Phase 2 unzip doesn't work

Phase 2 data convert doesn’t seem to be working
mmf_convert_hm --zip_file=XjiOc5ycDBRRNwbhRlgH.zip --password=XXXX --bypass_checksum 1
Data folder is /home/vvm/.cache/torch/mmf/data
Zip path is XjiOc5ycDBRRNwbhRlgH.zip
Copying XjiOc5ycDBRRNwbhRlgH.zip
Unzipping XjiOc5ycDBRRNwbhRlgH.zip
Extracting the zip can take time. Sit back and relax.
replace /home/vvm/.cache/torch/mmf/data/datasets/hateful_memes/defaults/images/data/README.md? [y]es, [n]o, [A]ll, [N]one, [r]ename: A
Traceback (most recent call last):

mmf/mmf_cli/hm_convert.py", line 34, in assert_files
), f"{file} doesn’t exist in {folder}"
AssertionError: dev.jsonl doesn’t exist in /XXX/YYY/.cache/torch/mmf/data/datasets/hateful_memes/defaults/images

Any help would be appreciated. Thank you!

Are you using the updated password (visible on the data download page)?

yes. i am using the latest password

So then you can unzip, just not using mmf?

It looks to me like mmf is expecting a file naming schema that isn’t there (we updated the file names for phase 2). For example, dev.jsonl doesn’t exist anymore. It’s dev_seen.jsonl and dev_unseen.jsonl. If this is the case, it probably requires a change to the mmf codebase (cc @douwekiela)

Is it possible to configure a custom data directory using environment variable different from $HOME/.cache/… location?

Correct, the PR for phase 2 hasn’t been landed in mmf yet. Should be done tomorrow!

Thanks for confirming, @douwekiela!

Thanks for the follow up, guys. I thought I failed to read in between the lines:).
I will try to update and re-run tomorrow!

PR is up at: https://github.com/facebookresearch/mmf/pull/595 which you can patch until it lands.

1 Like

Nice! Thanks @amanpreet

Thanks! In the meantime, is there a way to point to a custom location for data directory other than ~/.cache/torch/mmf/data/datasets/hateful_memes when running the scripts? Is there an example for that?
du -sh ~/.cache/torch/mmf/data/datasets/hateful_memes
It’s pretty big
37G /home/xxx/.cache/torch/mmf/data/datasets/hateful_memes

Yes, while extracting pass --mmf_data_folder=<your_dir> option to mmf_convert_hm command. Then, while running the commands, use MMF_DATA_DIR=<your_dir> environment variable to specify where your data dir is to MMF.
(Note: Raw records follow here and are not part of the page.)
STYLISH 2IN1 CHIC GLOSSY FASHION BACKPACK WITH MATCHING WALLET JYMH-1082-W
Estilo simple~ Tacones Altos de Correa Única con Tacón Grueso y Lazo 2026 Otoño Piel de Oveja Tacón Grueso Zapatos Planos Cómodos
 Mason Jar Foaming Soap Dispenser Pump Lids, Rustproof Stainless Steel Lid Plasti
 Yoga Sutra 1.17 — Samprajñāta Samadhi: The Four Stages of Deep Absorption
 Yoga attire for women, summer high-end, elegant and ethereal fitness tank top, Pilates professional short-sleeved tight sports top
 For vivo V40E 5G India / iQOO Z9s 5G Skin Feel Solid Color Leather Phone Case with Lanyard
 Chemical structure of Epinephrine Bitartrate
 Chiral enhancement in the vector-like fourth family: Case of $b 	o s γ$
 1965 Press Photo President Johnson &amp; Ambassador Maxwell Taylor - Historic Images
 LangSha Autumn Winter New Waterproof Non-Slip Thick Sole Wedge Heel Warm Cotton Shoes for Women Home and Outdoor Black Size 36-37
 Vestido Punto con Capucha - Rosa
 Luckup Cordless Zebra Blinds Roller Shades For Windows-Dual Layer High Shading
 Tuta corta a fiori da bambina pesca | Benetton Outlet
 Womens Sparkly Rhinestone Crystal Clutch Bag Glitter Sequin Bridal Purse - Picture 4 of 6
For MMF specific questions, please open up an issue on MMF for faster response in future.

1 Like

Pulled updates form the master. Convert is working now. Thanks a ton!

There is one other issue.
Runner now always loads dataset
mmf.trainers.mmf_trainer: Loading datasets
where as before it was looking up from cache correctly. So it downloads and extracts 10GB file all the time now.

Sorry my bad. Wrong terminal. Once updated environment variable works as expected.